Print, exactly as they stand, the lines below from the one that has "Size: 934x2500 |" to the one that has "Thumbnail 4 Onia", inclusive, leaving out the pictures.

(Beginning of Exercise inputs)

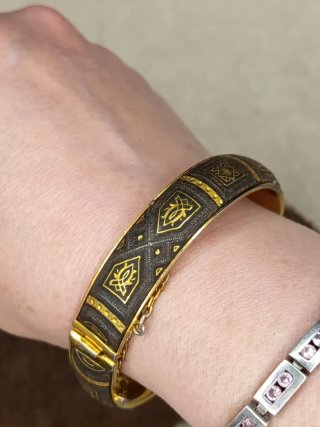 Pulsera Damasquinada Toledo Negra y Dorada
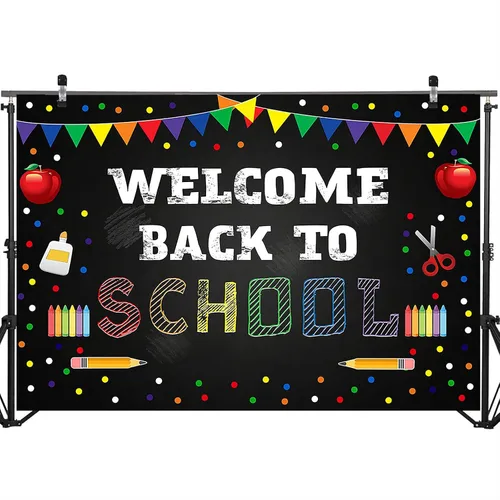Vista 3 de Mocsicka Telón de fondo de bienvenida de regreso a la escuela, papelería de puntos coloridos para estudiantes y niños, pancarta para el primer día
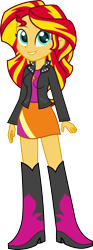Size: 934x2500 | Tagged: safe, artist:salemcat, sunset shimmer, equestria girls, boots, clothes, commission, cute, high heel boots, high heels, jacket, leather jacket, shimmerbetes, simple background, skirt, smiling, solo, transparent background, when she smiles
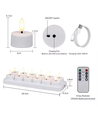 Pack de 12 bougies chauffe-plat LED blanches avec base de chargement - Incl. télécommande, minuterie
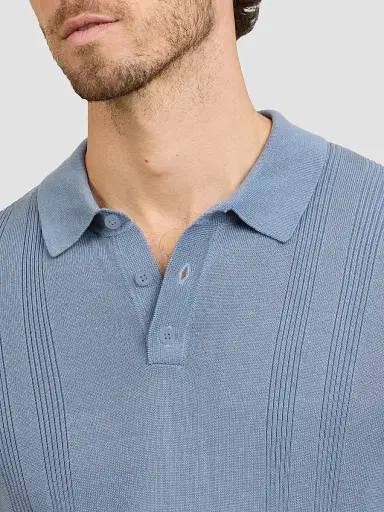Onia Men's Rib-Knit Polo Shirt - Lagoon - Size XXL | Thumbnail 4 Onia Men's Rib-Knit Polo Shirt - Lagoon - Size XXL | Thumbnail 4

(End of Exercise inputs)
(Beginning of Exercise inputs)

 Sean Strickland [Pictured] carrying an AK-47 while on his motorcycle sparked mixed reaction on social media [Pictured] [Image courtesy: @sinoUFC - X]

(End of Exercise inputs)
(Beginning of Exercise inputs)

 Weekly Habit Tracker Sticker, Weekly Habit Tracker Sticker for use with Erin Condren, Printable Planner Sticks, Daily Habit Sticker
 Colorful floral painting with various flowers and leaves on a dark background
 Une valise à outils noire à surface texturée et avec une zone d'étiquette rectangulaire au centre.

(End of Exercise inputs)

▶ [Output below]
Size: 934x2500 | Tagged: safe, artist:salemcat, sunset shimmer, equestria girls, boots, clothes, commission, cute, high heel boots, high heels, jacket, leather jacket, shimmerbetes, simple background, skirt, smiling, solo, transparent background, when she smiles
 Pack de 12 bougies chauffe-plat LED blanches avec base de chargement - Incl. télécommande, minuterie
Onia Men's Rib-Knit Polo Shirt - Lagoon - Size XXL | Thumbnail 4 Onia Men's Rib-Knit Polo Shirt - Lagoon - Size XXL | Thumbnail 4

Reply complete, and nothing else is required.